(Short web captions)
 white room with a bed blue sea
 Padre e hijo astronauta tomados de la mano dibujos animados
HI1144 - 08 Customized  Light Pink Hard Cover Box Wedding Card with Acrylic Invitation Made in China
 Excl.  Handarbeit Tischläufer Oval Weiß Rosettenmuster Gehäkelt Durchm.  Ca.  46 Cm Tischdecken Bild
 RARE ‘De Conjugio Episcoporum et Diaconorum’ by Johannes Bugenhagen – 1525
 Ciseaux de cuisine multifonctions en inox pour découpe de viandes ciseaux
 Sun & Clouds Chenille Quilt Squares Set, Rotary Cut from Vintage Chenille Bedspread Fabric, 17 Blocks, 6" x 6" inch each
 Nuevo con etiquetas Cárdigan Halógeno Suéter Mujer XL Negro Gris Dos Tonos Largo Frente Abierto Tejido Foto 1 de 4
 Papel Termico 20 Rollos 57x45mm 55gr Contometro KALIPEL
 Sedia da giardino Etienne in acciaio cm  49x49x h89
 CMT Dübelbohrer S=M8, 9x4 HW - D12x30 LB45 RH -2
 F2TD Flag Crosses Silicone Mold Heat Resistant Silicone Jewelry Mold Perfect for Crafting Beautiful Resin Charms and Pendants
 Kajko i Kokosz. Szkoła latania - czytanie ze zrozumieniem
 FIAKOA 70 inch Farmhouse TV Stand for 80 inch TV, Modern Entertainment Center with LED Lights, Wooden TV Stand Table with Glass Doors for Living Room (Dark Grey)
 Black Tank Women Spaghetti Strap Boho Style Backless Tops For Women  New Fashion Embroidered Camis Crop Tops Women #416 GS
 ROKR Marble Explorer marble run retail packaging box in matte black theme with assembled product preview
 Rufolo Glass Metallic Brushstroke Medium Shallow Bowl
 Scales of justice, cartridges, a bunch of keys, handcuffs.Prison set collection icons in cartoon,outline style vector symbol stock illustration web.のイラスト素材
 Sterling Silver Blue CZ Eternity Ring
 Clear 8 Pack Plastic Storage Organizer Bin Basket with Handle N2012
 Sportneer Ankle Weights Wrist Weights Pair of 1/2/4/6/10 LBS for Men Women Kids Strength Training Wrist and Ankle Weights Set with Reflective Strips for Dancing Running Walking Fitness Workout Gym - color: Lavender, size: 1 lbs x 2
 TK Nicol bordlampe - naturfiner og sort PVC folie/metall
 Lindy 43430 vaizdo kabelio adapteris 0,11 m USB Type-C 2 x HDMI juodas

§ Task instructions
From the opening line of the data above, please print each line as written up to and including the line that contains "Ciseaux de cuisine", and nothing more.

§ Solution for this task
 white room with a bed blue sea
 Padre e hijo astronauta tomados de la mano dibujos animados
HI1144 - 08 Customized  Light Pink Hard Cover Box Wedding Card with Acrylic Invitation Made in China
 Excl.  Handarbeit Tischläufer Oval Weiß Rosettenmuster Gehäkelt Durchm.  Ca.  46 Cm Tischdecken Bild
 RARE ‘De Conjugio Episcoporum et Diaconorum’ by Johannes Bugenhagen – 1525
 Ciseaux de cuisine multifonctions en inox pour découpe de viandes ciseaux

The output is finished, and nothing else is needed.